Page MenuHomePhabricator

api-gateway chart: metrics mapping for rerst-gateway
Closed, ResolvedPublic

Description

The current metrics mapping is not suitable for the structure of the descriptors used by the rest-gateway limits. Find a way to expose metrics with the following labels:

  • group (or whatever we end up callign the top level selector... regime?... policy?...)
  • class
  • time unit (if we do T408132)

It would be nice to also use a label for the outcome (within, over, near, shadow), but at a glance there doesn't seem to be a way to make them add up to total_hits. Separate metrics per outcome would be ok.

NOTE: For improving mappings for the api-gateway, see T409173: api-gateway: improve ratelimit metrics mappings

Event Timeline

daniel renamed this task from api-gateway chart: use labels in latelimiter metrics to api-gateway chart: improve metrics mapping.Oct 24 2025, 9:48 AM
daniel updated the task description. (Show Details)

Currently the mapping is done in charts/api-gateway/config/ratelimiter_metrics.yaml
We may want to spin a copy of that config that applies only to the rest-gateway deployments, then tweak the label matches to get the cardinality we want.

Looking at the mappings in the existing ratelimiter_metrics.yaml file in the api-gateway chart, it looks like th erules it contains will not match the actual metrics we have. The mapping is based on matching keys that use "." as a separator, so "ratelimit.service.rate_limit.*.*.near_limit" would give the number of requests near the limit or a rate limit with a single descriptor key (the first * matches the limit domain). In the existing file, we have mappings with two and three starts (matching descriptors with one or two keys). But the descriptors we actually use all have mor ekeys, so they match no mapping rules.
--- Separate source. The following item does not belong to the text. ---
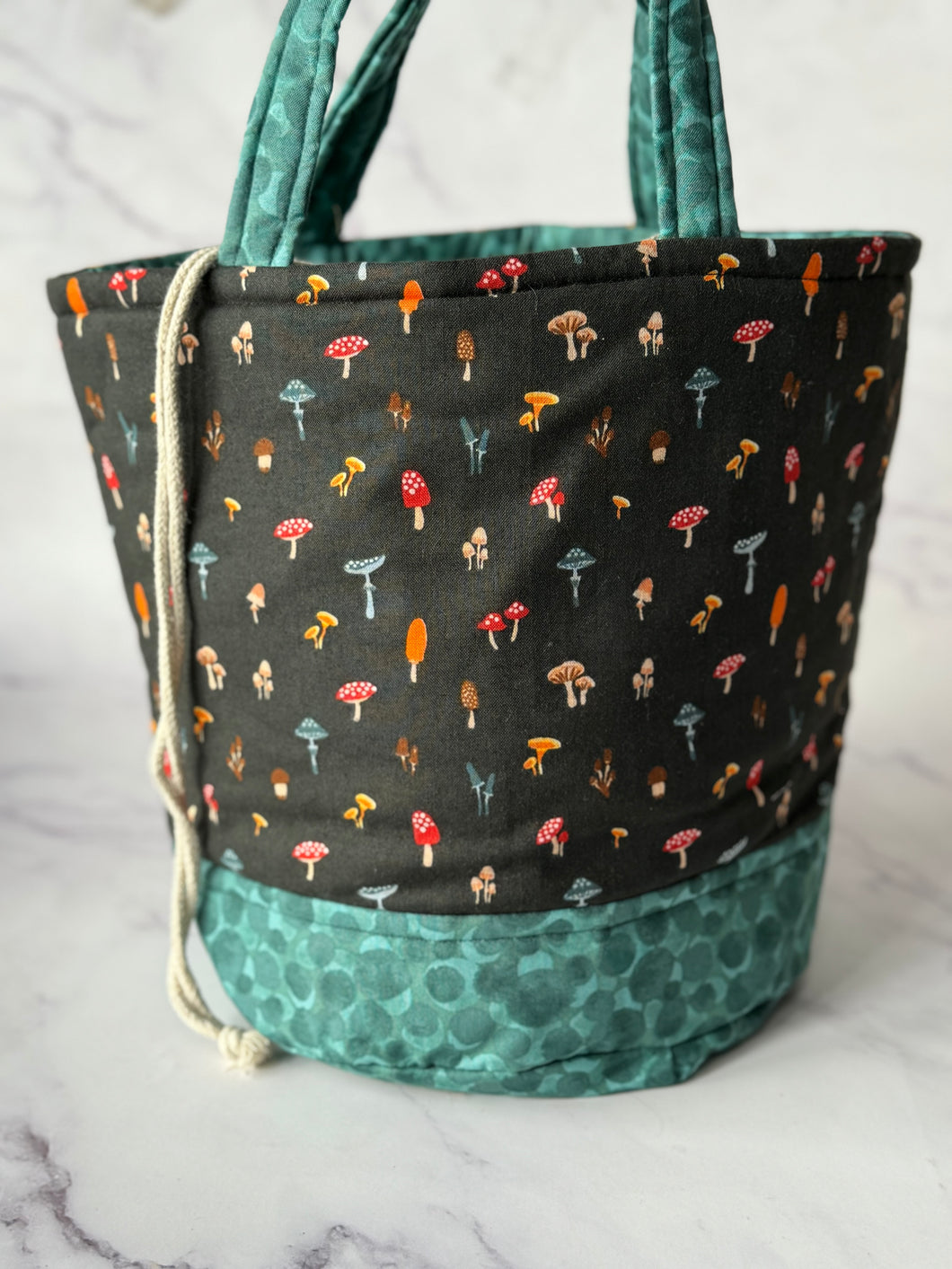 SALE - Bucket Bag - Large - Mushrooms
Change #1199008 had a related patch set uploaded (by Daniel Kinzler; author: Daniel Kinzler):

[operations/deployment-charts@master] rest-gateway: Create metrics mapping for ratelimit service

https://gerrit.wikimedia.org/r/1199008

daniel renamed this task from api-gateway chart: improve metrics mapping to api-gateway chart: metrics mapping for rerst-gateway.Nov 4 2025, 1:05 PM
daniel updated the task description. (Show Details)

Change #1199008 merged by jenkins-bot:

[operations/deployment-charts@master] rest-gateway: Create metrics mapping for ratelimit service

https://gerrit.wikimedia.org/r/1199008

I merged the mapping for the rest-gateway and exported metrics look pretty good:

cgoubert@deploy2002:/srv/deployment-charts/helmfile.d/services/rest-gateway$ curl http://localhost:9090/metrics | grep service_ | grep -v '#'
[...]
ratelimit_service_rest_gateway_near_limit{policy="experiment-2025-shadow",unit="HOUR",user_class="anon"} 1
ratelimit_service_rest_gateway_over_limit{policy="experiment-2025-shadow",unit="HOUR",user_class="anon"} 10
ratelimit_service_rest_gateway_shadow_mode{policy="experiment-2025-shadow",unit="HOUR",user_class="anon"} 10
ratelimit_service_rest_gateway_total_hits{policy="experiment-2025-shadow",unit="HOUR",user_class="anon"} 13
ratelimit_service_rest_gateway_within_limit{policy="experiment-2025-shadow",unit="HOUR",user_class="anon"} 3

With a little bit of tweaking to the regex for api-gateway we now have correctly labeled metrics, and a (somewhat) useful rate limit graph

image.png (1×2 px, 186 KB)

Clement_Goubert changed the task status from Open to In Progress.Nov 5 2025, 4:57 PM
Clement_Goubert triaged this task as Medium priority.